During the weeks between the races, she logged nearly 75 miles in one week, but the week before the 50K, she cut back her mileage to less than 50. Race week, she said she only ran four times.
“I knew that my fitness would not go away in a few short weeks before my second race, so my main goal during the interim was to recover and feel ready to go again for the second race,” she says.
As tricky as it is to arrive to one race day healthy, preparing for healthy starts at back-to-back races takes more care, coaches say.
Chappell says just as important to her training was taking days off—sometimes opting for up to two full rest days in a week.

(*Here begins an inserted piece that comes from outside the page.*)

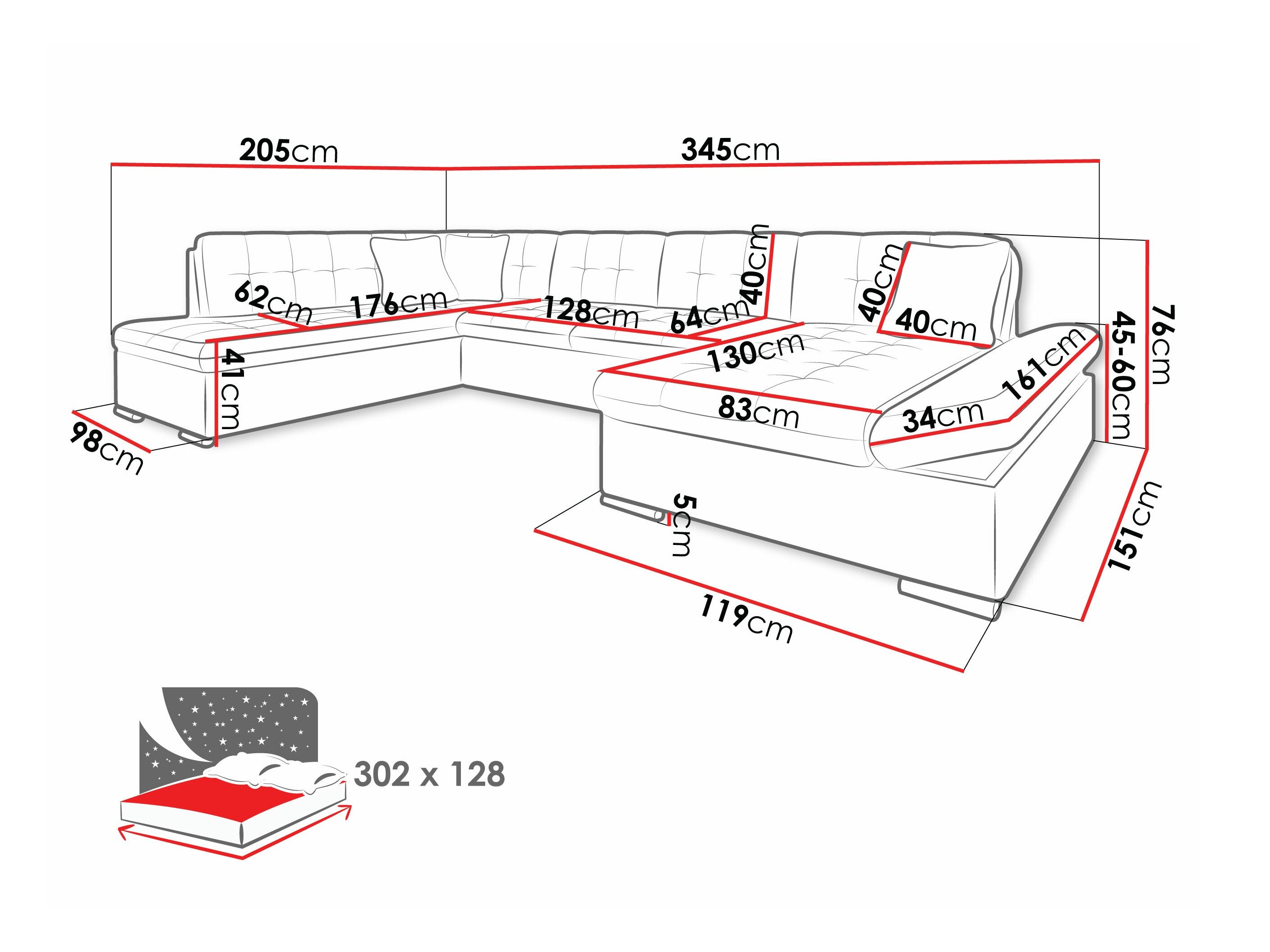 Hjørnesofa Comfivo 149 (Soft 011 + Lux 06 + Lux 05)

“I also listen to my body,” she says. “As cliché as this sounds, it’s a skill that has to be cultivated and maintained as we grow and change over the years. I have been running and racing for 25 years, and through this time, I’ve learned which kind of fatigue or discomfort are OK and expected and which signal that it’s time for a break, a back-off in intensity or a reset.”
Runners need quality sleep and rest, particularly during long training cycles, Zeiger says.
“If an athlete is starting to feel burnt out during a training cycle, it is OK to back off or take a few days off to reset,” she says. “Make training social and fun and don’t put too much emphasis on any single workout. One workout won’t make you, but it can break you.”
Powered by Joy
With two or more races looming so close on the calendar, it’s easy to face mental burnout, but Kopf says runners can ward off weariness with yoga and meditation.
George Berg, owner of coaching site Running Wild, also suggests running new routes to keep training fresh and keeping an encouraging running company around you.
“Stay as far away from negative runners as you can,” he says. “These are the runners that complain about every race and why they are not getting PRs or a BQ constantly. Surround yourself with positive runners … The minute you make excuses is the minute you don’t achieve success.”
For Chappell, her success in both races came from trusting her training and a passion for running.
“I never had a time goal in either race,” she says. “I only wanted to bring my best to whatever situation presented itself to me on race day.
“And, at the end of the day, I didn’t measure the quality of my experience by a finishing time or place. It was the richness of the process, the spectrum of experience, and the total joy with which I ran that is what stands out to me.”